__RECORDED DATA__:
* * * * *

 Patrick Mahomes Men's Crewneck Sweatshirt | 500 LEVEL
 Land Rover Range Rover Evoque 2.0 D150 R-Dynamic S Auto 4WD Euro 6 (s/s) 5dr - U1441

* * * * *

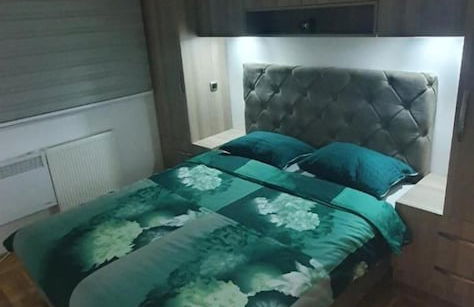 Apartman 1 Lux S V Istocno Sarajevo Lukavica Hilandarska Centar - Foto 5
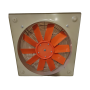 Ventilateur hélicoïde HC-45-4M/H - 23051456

* * * * *

__WHAT THE TASK REQUIRES__: From the records above, copy only the lines running from the line containing "Apartman 1 Lux" to the line containing "Ventilateur hélicoïde HC-45-4M/H - 23051456", both ends included. Leave the pictures out.

__ANSWER BELOW__:
 Apartman 1 Lux S V Istocno Sarajevo Lukavica Hilandarska Centar - Foto 5
 Ventilateur hélicoïde HC-45-4M/H - 23051456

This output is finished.